**Exercise requirements:**
Across all the records below, count the lines that hold "Ring". State only that figure.

(Data items)
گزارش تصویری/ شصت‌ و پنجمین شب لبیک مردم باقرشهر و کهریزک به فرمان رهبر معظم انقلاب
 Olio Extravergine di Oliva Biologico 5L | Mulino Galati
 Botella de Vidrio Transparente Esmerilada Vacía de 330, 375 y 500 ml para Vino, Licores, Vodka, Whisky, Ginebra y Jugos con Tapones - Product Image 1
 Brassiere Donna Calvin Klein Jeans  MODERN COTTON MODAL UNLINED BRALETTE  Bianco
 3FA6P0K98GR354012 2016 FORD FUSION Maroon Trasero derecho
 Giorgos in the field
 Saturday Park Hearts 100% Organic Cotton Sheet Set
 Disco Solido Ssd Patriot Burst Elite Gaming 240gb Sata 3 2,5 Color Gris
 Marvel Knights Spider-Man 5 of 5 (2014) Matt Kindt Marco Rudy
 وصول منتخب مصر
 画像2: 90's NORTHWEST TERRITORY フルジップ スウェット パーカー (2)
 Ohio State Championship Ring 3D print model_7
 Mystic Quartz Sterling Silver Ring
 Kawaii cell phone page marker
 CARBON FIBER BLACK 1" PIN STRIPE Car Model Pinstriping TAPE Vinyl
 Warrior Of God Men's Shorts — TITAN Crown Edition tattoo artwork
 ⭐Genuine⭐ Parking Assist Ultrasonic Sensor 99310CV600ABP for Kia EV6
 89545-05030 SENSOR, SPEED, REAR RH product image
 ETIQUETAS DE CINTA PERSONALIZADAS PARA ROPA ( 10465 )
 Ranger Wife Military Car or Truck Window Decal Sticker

**Solution:**
2